Microsoft and RSA Security have said they will work together to develop authentication technology, making it easier to secure Windows and keep sensitive corporate information safe. The announcement came at RSA’s annual security conference in San Francisco.
Specifically, Microsoft said it will use RSA’s SecurID technology to offer an alternative to traditional password-based access control. SecurID uses authentication tokens in addition to a personal identification number (PIN).
The keychain-size tokens generate new, random digital passwords every 60 seconds that only work when the PIN number is also provided by the user.
This so-called two-factor authentication eliminates the need to constantly change user passwords and reduces the risk that unauthorized users will access a network. Unlike other options, however — such as biometrics or other smart-card solutions — the RSA option does not require that additional hardware be added to the network.
Art Coviello, RSA’s CEO, called the solution a “smart, simple alternative to static passwords” that will help enterprises avoid “expensive and damaging security breaches.”
“Customers have told us they want strong, integrated authentication technology,” Microsoft security chief Michael Nash said.
The security industry has long tried to encourage enterprises to adopt more vigorous forms of identification and access control. Employees often choose easy-to-remember — and therefore easy to decipher — passwords, and passwords used for long periods of time can be stolen by hackers simply by tracking a user’s keystrokes.
Despite the shortcomings of traditional passwords, hardware-based solutions such as smart-card readers have been slow to catch on, in part because of their added expense and in part because there is no single standard that would make smart cards universal, Gartner research director Mark Nicolett told the E-Commerce Times.
“Card or token readers are still viewed as too costly and too risky an option by most enterprises,” Nicolett said.
While the RSA solution cannot do as much as a smart card, which can contain a host of information about a user, including limitations on how he or she can use certain information, it may catch on because of its ease of implementation. “Anything that doesn’t require ripping up the network or adding hardware that may or may not be the standard in five years is going to get a long look,” Nicolett added.
Window to the World
Not surprisingly, making Microsoft deployments more secure is a key theme at the RSA confab.

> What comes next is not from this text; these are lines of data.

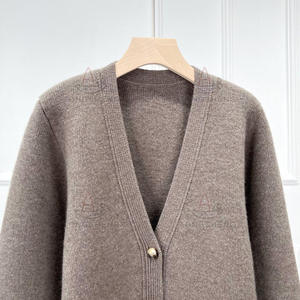 Cardigan da <span class=keywords><strong>Donna</strong></span> in Cashmere 100% di Qualità Europea 2026, Maglione con Maniche a Campana, Lavorazione a Coste Personalizzata - Product Image 2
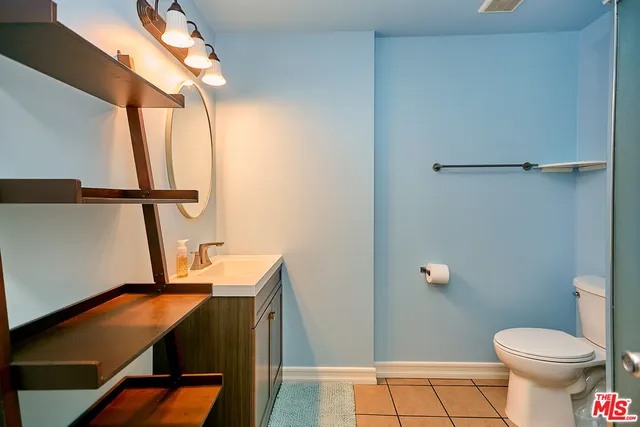 $2,450 | 514 South Harvard Boulevard, Unit 306, Los Angeles, CA 90020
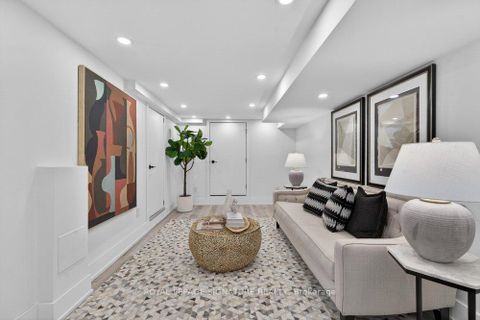 Photo 34 at 290 Chisholm Avenue, Lumsden, Toronto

IDC analyst Allan Carey said while the improvement over passwords addresses only one of the many types of security concerns surrounding Windows installations, it may signal to Windows customers that Microsoft is serious about making it secure on all fronts.
“Anything Microsoft can be seen doing to make its products safer is going to be a positive in the minds of customers,” especially those who may be considering alternatives such as Linux, Carey told the E-Commerce Times.
Also on Tuesday, Sun Microsystems announced plans to roll out an identity-management solution for Windows and other Microsoft environments.
Sun said its Identity Manager, based on technology it acquired from Waveset Lighthouse, will enable centralized management of user identities across all different applications used in an enterprise.
Gates on Security
Both announcements came just ahead of a much-anticipated keynote speech by Microsoft chairman Bill Gates at the RSA conference. Gates used that keynote to highlight the various fronts on which Microsoft is working on the security problem, citing a laundry list of industry partnerships and technology efforts.
Gates also demonstrated a number of security features that Microsoft is including inits Windows XP service pack, including the built-in firewall and enhancements built into the Internet Explorer browser.